ISLAMABAD: Pakistan is currently facing five major economic challenges that are leading to a rise in poverty and social vulnerabilities, according to the Ministry of Finance. The announcement comes a day after the dissolution of the national assembly and the federal cabinet.
In its first quarterly performance report to the Asian Development Bank (ADB), the Ministry of Finance highlighted the progress made in the utilization of funds for the “Building Resilience with Active Country-cyclical Expenditures” (BRACE) program, which received $1.5 billion. The report stated that 41.5% of the budget allocated for social protection was utilized in the quarter ending on December 31, 2022.

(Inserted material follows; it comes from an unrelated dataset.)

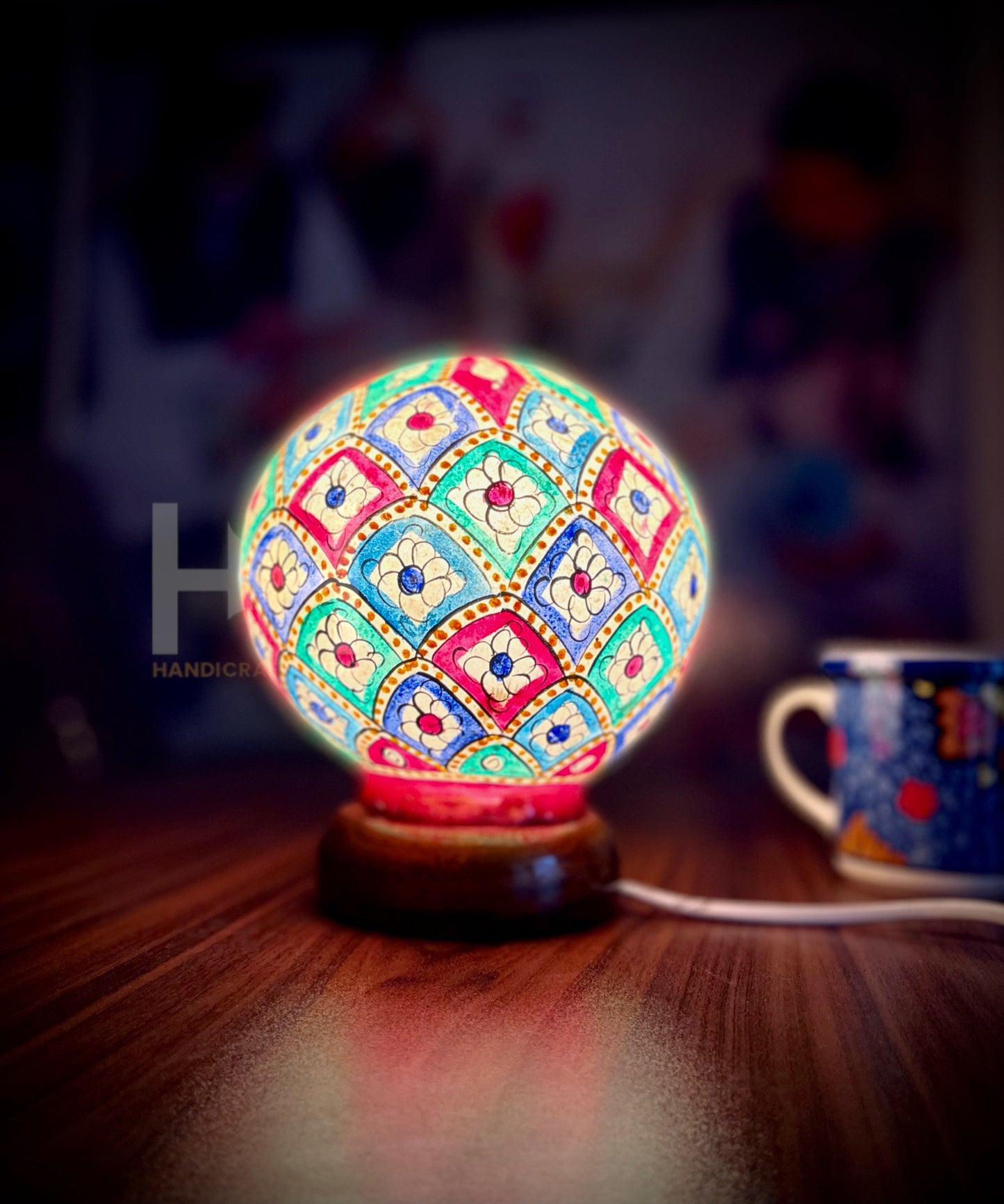 Camel Skin Round Lamp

The report further revealed that current expenditures increased by 30%, reaching Rs6.061 trillion in July-December FY23, compared to Rs4.676 trillion in the same period of the previous year. A significant part of this increase was due to higher mark-up payments, which rose by 77% due to increased servicing on domestic and foreign debt caused by higher interest rates. The Public Sector Development Programme (federal and provincial) experienced a modest growth of 4.5% during the first half of the current fiscal year.

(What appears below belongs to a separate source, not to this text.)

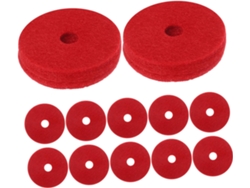 Almohadillas De Fieltro De 12 Piezas Para Baterías, Arandelas Antivibración De Doble Capa, 3,6 X 1 Cm, Rojas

Total expenditures also witnessed a growth of 19.8% to Rs6.382 trillion in July-December FY23, compared to Rs5.328 trillion in the same period of the previous year. Total revenue, during the first half of FY23, increased by 18.8% to reach Rs4.699 trillion, with non-tax collection contributing to a 26.4% increase, while tax collection grew by 17%.
The report emphasized that the government is taking measures to support the business and agriculture sectors in order to generate employment, protect against job losses, and ensure food security. However, it also acknowledged the persistence of several challenges that continue to impact the national economy.

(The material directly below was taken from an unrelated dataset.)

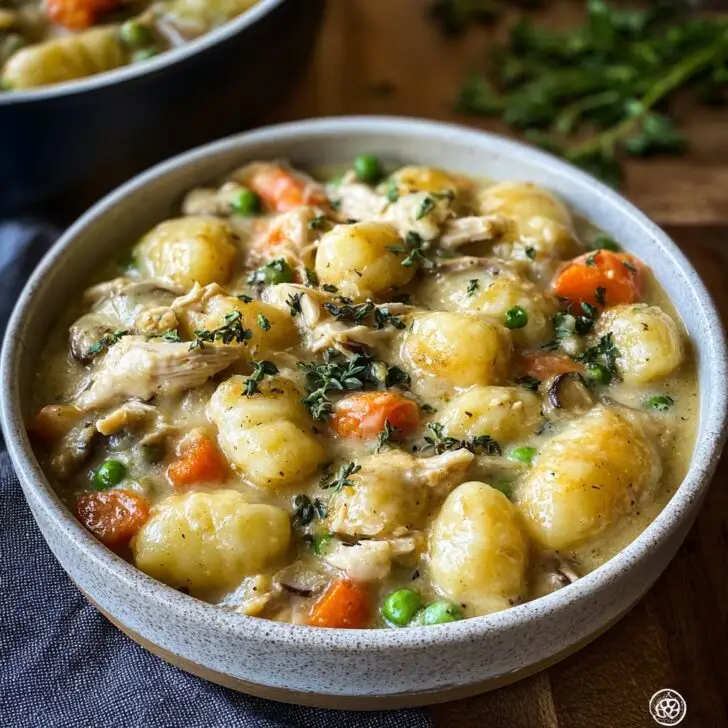 One Pot Gnocchi Chicken Pot Pie Recipe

The first challenge listed is high fuel prices, worsened by steep exchange rate depreciation. Not only do high fuel prices directly reduce petroleum product consumption, but they also affect sectors such as electricity production, industrial demand, goods transportation, mining, construction, and others.
The second challenge is the impact of the Russian-Ukraine war on the economy of Pakistan, particularly on edible oil prices. Edible oil has a significant impact on GDP and household consumption, with a greater effect observed among poor households. As Pakistan heavily relies on imported palm oil, any upward shock in prices can lead to a deterioration in the diet quality of children.
The third challenge is the ongoing issue of rising poverty. The report highlights that the Russian-Ukraine war crisis has had a serious impact on poverty rates, potentially pushing millions more people into poverty due to the devastation caused by the 2022 floods. Any expansion of the Benazir Income Support Programme or cash handouts can further strain the fiscal deficits.
Record inflation is another key challenge mentioned in the report, with food inflation being the highest in the history of Pakistan. The increase in prices of petroleum products, electricity, and gas, along with currency depreciation, negatively impact household consumption and lead to greater poverty, especially in rural areas.
Lastly, the report highlights the lingering effects of the 2022 floods, which have led to lower economic growth, increased poverty, food insecurity, and deteriorating diet quality, primarily in rural areas.
Overall, the Ministry of Finance recognizes the need to address these challenges in order to alleviate poverty, ensure food security, and improve the overall well-being of the Pakistani people.